Abdelaali Al-Rami, président du Forum de l’enfance, affirme, pour sa part : « nous sommes extrêmement favorables à ce verdict vu que la paternité est prouvée par un test ADN et que le tribunal n’a pas contraint le père à la prise en charge financière mais uniquement à payer un dédommagement ».
Al-Rami note que « le troisième paragraphe de l’article 32 de la constitution de 2011 stipule que l’Etat œuvre à garantir la protection juridique et la considération sociale et morale à tous les enfants, sans exception, sans tenir compte de leur situation familiale ». « Malheureusement, le droit marocain n’évoque nullement le sujet des enfants victimes des fautes de leurs parents… Nous avons besoin d’une loi qui garantit au moins que ces enfants bénéficient d’une prise en charge financière, au cas où la mère ne travaille pas, et aient des papiers d’identité… Ne pas trouver un mécanisme de protection des droits des enfants nés hors mariage mènera à l’enracinement du phénomène des sans-abri et des enfants abandonnés » ajoute-t-il.
Une lueur d’espoir
Pour rendre son verdict, le tribunal de Tanger s’est référé à la jurisprudence islamique, spécialement au malékisme qui soutient la reconnaissance de la filiation au père quelle que soit la nature de la relation entre le père et la mère. Le tribunal s’est basé aussi sur le verset 5 de la sourate Al-Ahzeb : « Appelez-les du nom de leurs pères : c’est plus équitable devant Allah » et sur nombre de hadiths allant dans le même sens. Le tribunal s’est également référé aux conventions internationales ratifiées par le Maroc, garantissant le droit de l’enfant à connaitre ses parents et à avoir une identité, et à la constitution dont les articles de 142 à 148 évoquent la filiation légitime et celle illégitime. Et c’est dans le cadre de la filiation illégitime que la paternité dans le cas d’espèce a été reconnue.
De son côté, l’activiste de la société civile, Souad Chantouf, affirme que « le verdict est une lecture et le reflet d’une société, conservatrice certes, mais riche par le combat des activistes des droits de l’Homme en général et celui du mouvement féministe en particulier pour faire valoir les droits des enfants et veiller au respect des conventions internationales ratifiées par le Maroc. La question des mères célibataires bouge lentement ce qui reflète le machisme et la schizophrénie de la société, et le désistement des politiques publiques à trouver des réponses pertinentes à des attentes réelles ». Elle poursuit : « le verdict du tribunal de Tanger est un tournant qui marque un moment exceptionnel au sein d’une société conservatrice et machiste… C’est une lueur d’espoir puisque la justice a fait triompher le débat rationnel sur un système jurisprudentiel fondamentaliste qui ne privilégie pas l’intérêt de l’enfant ».
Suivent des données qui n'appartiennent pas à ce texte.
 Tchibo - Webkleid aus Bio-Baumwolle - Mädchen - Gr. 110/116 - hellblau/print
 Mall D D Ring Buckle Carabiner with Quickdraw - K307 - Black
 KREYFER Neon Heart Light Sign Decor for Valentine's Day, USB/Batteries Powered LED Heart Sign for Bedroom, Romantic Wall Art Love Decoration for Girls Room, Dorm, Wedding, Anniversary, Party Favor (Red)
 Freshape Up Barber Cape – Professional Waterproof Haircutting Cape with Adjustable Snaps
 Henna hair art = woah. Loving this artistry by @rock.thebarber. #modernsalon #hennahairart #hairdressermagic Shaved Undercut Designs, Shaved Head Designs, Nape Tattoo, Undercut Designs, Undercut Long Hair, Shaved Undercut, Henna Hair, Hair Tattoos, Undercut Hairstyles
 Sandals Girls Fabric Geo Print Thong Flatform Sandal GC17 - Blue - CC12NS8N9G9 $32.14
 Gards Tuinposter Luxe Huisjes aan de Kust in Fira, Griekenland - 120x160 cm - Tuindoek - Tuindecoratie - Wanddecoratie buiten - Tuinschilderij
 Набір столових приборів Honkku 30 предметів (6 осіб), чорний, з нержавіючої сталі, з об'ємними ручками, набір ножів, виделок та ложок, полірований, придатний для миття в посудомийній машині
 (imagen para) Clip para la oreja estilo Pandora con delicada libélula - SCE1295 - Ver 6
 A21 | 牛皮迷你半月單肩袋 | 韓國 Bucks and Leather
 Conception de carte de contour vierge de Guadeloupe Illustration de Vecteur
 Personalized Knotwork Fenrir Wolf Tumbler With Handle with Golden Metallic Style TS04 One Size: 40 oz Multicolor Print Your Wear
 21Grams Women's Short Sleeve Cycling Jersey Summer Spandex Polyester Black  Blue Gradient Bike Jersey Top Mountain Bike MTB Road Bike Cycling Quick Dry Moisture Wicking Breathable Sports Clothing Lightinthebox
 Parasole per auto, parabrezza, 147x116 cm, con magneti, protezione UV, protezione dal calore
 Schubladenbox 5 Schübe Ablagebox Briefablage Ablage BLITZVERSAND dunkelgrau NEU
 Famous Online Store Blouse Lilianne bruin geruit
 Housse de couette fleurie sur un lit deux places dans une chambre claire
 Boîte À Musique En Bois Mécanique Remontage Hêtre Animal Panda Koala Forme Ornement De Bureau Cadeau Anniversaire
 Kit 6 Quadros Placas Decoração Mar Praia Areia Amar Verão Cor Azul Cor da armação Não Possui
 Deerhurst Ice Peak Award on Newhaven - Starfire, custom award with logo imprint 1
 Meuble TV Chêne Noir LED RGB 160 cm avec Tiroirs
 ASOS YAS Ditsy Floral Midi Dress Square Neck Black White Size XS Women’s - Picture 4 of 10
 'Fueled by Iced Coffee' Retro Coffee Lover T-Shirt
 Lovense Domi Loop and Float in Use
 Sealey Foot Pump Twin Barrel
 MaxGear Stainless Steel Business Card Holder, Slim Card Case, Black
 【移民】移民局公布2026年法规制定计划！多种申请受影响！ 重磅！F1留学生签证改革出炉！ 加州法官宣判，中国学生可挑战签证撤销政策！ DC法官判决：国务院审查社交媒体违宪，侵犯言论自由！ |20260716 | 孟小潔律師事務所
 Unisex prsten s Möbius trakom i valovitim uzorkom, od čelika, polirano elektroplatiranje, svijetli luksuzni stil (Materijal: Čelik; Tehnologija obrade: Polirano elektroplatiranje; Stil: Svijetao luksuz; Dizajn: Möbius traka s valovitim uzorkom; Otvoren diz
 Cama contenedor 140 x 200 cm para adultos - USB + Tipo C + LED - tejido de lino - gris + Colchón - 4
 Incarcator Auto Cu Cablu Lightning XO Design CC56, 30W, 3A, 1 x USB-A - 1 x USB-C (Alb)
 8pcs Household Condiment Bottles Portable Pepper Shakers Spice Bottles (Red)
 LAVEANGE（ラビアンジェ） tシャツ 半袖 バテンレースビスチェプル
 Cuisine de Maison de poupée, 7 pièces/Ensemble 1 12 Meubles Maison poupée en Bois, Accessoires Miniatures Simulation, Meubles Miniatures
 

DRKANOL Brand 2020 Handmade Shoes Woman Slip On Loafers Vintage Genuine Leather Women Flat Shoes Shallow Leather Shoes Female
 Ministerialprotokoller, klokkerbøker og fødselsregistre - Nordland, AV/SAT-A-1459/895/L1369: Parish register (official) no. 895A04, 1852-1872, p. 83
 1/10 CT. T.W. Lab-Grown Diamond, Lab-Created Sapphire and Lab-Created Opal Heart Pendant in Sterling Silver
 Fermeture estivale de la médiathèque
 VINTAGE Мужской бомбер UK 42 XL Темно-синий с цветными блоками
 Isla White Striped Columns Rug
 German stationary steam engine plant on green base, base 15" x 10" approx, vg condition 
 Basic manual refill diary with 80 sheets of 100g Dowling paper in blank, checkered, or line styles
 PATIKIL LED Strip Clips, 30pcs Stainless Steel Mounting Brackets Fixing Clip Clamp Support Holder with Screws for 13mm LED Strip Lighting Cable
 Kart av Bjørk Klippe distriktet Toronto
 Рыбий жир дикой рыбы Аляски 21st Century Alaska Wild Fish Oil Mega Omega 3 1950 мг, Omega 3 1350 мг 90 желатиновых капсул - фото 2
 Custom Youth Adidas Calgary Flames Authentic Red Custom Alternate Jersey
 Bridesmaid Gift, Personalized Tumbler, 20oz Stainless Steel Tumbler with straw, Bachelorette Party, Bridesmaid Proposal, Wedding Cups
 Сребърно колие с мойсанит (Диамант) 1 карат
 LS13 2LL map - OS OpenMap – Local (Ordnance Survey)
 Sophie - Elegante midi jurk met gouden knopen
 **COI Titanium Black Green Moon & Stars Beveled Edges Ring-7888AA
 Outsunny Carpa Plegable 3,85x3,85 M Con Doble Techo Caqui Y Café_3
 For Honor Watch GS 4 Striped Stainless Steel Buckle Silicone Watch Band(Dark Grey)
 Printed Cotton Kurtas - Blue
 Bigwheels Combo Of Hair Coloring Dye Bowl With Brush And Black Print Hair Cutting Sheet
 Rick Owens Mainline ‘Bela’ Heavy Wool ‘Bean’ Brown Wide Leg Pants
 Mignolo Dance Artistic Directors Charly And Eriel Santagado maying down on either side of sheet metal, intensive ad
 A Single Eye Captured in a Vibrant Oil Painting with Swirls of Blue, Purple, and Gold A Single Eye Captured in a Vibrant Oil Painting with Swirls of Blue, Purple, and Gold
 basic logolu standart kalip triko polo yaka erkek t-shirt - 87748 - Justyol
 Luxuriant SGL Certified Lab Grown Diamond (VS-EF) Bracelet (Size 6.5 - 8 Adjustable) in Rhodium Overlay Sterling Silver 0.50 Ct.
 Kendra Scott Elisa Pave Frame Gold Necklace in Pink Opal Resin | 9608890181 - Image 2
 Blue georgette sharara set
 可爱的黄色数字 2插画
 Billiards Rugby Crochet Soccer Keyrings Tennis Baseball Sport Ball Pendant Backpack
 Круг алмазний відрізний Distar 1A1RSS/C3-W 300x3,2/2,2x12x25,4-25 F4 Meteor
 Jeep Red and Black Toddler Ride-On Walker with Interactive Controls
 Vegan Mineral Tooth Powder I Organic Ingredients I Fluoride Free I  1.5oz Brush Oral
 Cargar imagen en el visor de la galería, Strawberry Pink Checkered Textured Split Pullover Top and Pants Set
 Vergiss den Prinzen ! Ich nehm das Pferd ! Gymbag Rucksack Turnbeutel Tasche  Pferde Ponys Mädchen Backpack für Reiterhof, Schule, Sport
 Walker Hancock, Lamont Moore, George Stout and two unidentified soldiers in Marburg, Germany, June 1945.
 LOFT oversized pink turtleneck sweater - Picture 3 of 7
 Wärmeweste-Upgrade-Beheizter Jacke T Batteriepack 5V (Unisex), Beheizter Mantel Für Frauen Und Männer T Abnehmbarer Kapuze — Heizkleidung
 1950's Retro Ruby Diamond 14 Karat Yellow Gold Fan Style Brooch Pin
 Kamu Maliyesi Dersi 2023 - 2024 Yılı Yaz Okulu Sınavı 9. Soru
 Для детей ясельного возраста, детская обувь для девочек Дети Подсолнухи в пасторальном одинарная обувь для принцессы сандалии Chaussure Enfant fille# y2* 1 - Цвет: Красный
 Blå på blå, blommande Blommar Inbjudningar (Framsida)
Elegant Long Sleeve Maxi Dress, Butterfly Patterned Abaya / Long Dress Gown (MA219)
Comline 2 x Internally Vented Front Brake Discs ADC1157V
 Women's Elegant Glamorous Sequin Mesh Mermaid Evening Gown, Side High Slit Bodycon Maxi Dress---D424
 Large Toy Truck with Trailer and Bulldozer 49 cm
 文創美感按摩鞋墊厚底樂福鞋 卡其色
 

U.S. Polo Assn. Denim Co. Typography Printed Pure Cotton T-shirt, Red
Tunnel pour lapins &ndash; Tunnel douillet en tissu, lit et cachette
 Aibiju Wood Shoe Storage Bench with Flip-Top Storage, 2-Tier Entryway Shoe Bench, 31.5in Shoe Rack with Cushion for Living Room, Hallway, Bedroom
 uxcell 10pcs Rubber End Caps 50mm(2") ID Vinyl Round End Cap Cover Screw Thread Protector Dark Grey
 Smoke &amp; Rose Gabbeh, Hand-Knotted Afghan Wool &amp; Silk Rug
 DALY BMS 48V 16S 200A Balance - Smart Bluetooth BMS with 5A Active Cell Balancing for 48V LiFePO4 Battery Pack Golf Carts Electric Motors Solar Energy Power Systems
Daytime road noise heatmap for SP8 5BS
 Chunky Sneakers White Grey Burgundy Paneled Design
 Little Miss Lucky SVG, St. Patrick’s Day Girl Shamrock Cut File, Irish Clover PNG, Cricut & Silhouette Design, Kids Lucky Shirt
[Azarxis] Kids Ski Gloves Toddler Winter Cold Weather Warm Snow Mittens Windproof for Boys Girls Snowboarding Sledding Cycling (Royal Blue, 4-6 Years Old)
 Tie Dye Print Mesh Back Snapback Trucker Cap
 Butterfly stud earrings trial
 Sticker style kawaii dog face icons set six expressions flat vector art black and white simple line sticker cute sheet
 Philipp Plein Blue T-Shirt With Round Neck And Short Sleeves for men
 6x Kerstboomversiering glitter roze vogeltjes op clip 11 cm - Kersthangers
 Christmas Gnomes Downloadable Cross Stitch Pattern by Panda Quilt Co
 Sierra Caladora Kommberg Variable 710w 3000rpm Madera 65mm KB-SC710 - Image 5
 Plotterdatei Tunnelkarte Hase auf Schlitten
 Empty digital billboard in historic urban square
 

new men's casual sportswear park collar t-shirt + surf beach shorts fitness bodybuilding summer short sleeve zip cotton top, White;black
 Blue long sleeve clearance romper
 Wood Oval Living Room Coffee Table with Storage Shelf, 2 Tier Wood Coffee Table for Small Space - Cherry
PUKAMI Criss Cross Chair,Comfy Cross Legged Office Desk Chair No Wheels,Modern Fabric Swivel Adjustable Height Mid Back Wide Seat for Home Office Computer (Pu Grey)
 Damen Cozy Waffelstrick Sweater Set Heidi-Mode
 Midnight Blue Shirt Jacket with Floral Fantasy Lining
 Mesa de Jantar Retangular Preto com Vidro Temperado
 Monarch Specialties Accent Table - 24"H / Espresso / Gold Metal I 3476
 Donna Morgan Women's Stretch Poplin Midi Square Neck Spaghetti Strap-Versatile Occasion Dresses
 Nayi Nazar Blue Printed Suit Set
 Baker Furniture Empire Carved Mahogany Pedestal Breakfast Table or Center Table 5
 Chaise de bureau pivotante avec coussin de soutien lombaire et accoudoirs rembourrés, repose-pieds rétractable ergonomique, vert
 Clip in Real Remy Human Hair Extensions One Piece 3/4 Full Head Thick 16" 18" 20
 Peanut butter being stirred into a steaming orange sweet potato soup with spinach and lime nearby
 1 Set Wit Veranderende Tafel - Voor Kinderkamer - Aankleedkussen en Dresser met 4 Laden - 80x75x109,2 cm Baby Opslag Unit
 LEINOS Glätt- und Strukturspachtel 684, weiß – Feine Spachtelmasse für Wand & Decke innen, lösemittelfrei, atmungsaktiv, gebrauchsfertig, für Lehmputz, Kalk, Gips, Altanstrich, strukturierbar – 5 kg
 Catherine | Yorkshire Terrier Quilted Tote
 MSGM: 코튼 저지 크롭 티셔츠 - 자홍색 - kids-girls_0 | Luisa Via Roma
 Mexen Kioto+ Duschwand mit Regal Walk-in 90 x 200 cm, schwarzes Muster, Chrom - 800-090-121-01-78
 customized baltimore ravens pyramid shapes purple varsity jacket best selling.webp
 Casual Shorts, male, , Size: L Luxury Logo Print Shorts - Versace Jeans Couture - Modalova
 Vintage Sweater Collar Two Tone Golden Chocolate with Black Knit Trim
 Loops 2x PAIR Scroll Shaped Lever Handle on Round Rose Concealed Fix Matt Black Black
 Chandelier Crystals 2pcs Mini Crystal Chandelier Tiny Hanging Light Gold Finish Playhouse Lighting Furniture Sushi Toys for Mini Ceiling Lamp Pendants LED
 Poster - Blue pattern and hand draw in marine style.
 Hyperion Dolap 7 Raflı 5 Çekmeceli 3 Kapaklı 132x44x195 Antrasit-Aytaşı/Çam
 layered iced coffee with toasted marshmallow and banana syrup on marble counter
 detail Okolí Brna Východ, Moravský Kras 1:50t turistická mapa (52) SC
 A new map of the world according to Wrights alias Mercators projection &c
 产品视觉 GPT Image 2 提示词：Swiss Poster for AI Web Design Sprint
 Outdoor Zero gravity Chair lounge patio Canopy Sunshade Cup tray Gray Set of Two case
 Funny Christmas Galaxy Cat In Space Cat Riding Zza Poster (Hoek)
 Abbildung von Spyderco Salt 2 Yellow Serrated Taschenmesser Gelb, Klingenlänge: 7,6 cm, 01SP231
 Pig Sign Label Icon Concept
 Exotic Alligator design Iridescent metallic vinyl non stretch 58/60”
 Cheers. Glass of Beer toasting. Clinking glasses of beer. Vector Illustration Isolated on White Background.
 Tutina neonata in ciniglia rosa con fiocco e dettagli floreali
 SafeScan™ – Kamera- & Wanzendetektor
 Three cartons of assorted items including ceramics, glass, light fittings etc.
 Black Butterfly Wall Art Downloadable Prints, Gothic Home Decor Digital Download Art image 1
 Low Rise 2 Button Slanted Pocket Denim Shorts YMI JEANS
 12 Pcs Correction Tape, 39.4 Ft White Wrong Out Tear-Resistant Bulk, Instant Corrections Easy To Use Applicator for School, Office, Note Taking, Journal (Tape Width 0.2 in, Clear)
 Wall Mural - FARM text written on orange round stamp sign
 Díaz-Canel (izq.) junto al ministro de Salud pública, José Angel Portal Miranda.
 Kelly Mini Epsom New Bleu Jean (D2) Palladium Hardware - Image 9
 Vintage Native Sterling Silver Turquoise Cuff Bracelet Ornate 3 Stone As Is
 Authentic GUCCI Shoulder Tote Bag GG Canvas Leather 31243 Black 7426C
« Ce verdict reflète une autre face du corps judiciaire : la face animée par le système des droits de l’Homme et par une vision complète de la justice et de la dignité humaine. Mais il ne faut surtout pas trop focaliser sur le débat juridique et jurisprudentiel qui ne s’arrêtera pas. La procédure d’appel nécessite plus de mobilisation, plus de vigilance et davantage de soutien aux éclairés de la sphère conservatrice de la justice » conclut-elle.